Em outros termos, o ser humano se caracteriza por surgir como  uma abertura ilimitada: para si mesmo, para o mundo, para o outro e para a totalidade. Sente em si uma pulsão infinita, embora encontre somente objetos finitos. Daí a sua permanente implenitude e insatisfação. Não se trata de um problema psicológico que um psicanalista ou um psiquiatra possa curar. É sua marca distintiva, ontologógica, e não um defeito.
Mas aceitando a indicação de Marx, boa parte da construção  do humano se realiza, efetivamente, na sociedade. Daí a importância de considerarmos qual seja a formação social que melhor cria as condições para ele poder desabrochar mais plenamente nas mais variadas relações.
Sem oferecer as devidas mediações, diria que a melhor formação social é a democracia: comunitária, social, representativa, participativa, debaixo para cima e que inclua a todos sem exceção. Na formulação de Boaventura de Souza Santos, a democracia deve ser ser sem fim. Temos a ver com um projeto aberto, sempre em construção que começa nas relações dentro da família, da escola, da comunidade, das associações, dos movimentos, das igrejas e culmina na organização do estado.
Como numa mesa, vejo quatro pernas que sustentam uma democracia mínima e verdadeira, como tanto acentuava em sua vida Herbert de Souza (o Betinho) e que juntos em conferências e debates, procurávamos difundir entre prefeitos e lideranças populares.

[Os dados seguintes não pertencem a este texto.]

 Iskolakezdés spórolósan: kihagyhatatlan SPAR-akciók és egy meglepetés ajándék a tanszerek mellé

A primeiro perna reside na participação: o ser humano, inteligente e livre, não quer ser apenas beneficiário  de um processo mas ator e participante. Só assim se faz sujeito e cidadão. Esta participação deve vir de baixo para não excluir ninguém.
A segunda perna consiste na igualdade. Vivemos num mundo de desigualdades de toda ordem. Cada um é singular e diferente. Mas a participação crescente em tudo impede que a diferença se transforme em desigualdade e permite a igualdade crescer. É a igualdade no reconhecimento da dignidade de cada pessoa e no respeito a seus direitos que sustenta a justiça social. Junto com a igualdade vem a equidade: a proporção adequada que cada um recebe por sua colaboração na construção do todo social.

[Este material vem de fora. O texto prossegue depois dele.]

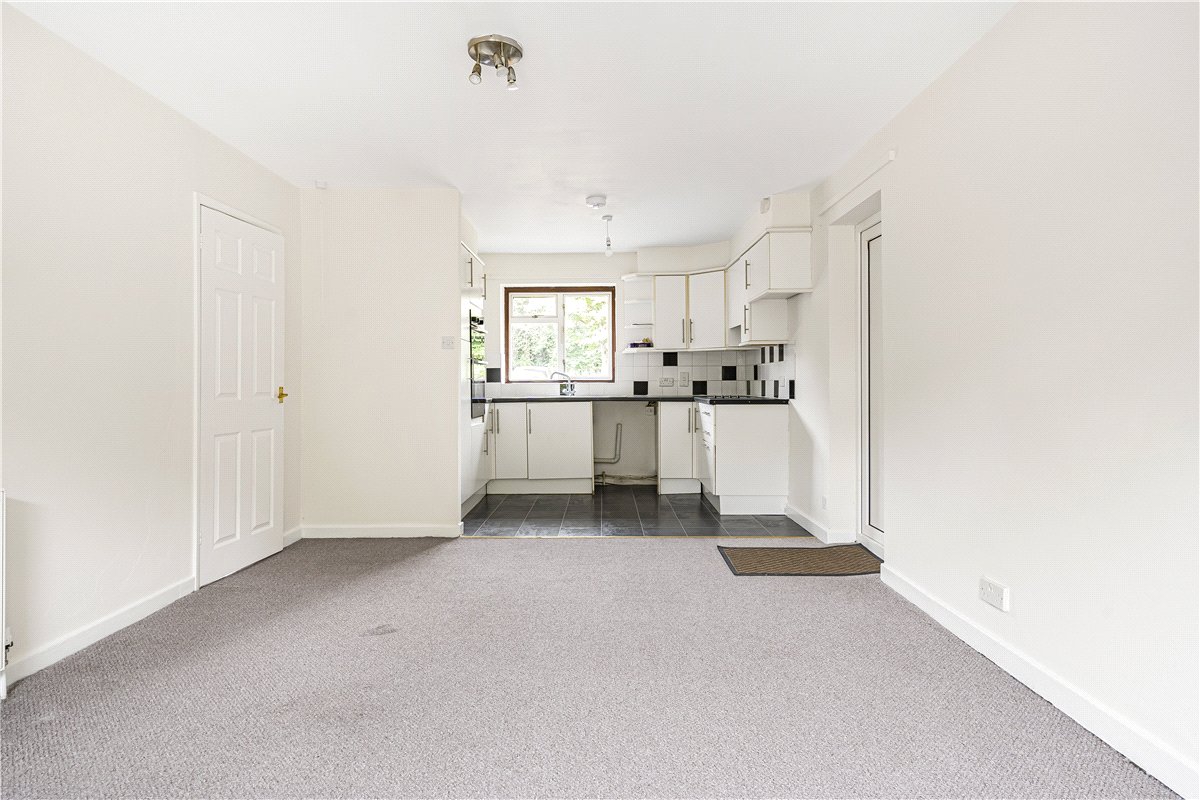 6 bedroom bungalow, Nash Lee Lane, Wendover HP22 - Available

A terceira perna é a diferença. Ela é dada pela natureza. Cada ser, especialmente, o ser humano, homem e mulher, é diferente. Esta deve ser acolhida e respeitada como manifestação das potencialidades próprias das pessoas, dos grupos e das culturas. São as diferenças que nos revelam que podemos ser humanos de muitas formas, todas elas humanas e por isso merecedoras de respeito e de acolhida.
A quarta perna se dá na comunhão: o ser humano possui subjetividade, capacidade de comunicação com sua interioridade e com a subjetividade dos outros; é um  portador de valores como  solidariedade, compaixão, defesa dos mais vulneráveis e de diálogo com a natureza e com a divindade. Aqui aparece a espiritualidade como aquela dimensão da consciência que nos faz sentir parte de um Todo e como aquele conjunto de valores intangíveis que dão sentido à nossa vida pessoal e social e também a todo o universo.
Estas quatro pernas  vem sempre juntas e equilibram a mesa, vale dizer, sustentam uma democracia real. Ela nos educa a sermos co-autores da construção do bem comum; em nome dele aprendemos a limitar nossos desejos por amor à satisfação dos desejos coletivos.
Esta mesa de quatro pernas não existiria se não estivesse apoiada no chão e na terra. Assim a democracia não seria completa se não  incluísse a natureza que tudo possibilita. Ela fornece a base físico-química-ecológica que sustenta a vida e a cada um de nós.  Pelo fato de terem valor em si mesmos, independente do uso que fizermos deles, todos os seres são portadores de direitos. Merecem continuar a existir e a nós cabe respeitá-los e entendê-los como concidadãos. Serão incluídos numa democracia sem fim sócio-cósmica. Esparramado em todas estas dimensões realiza-se o ser humano na história, num processo ilimitado e sem fim.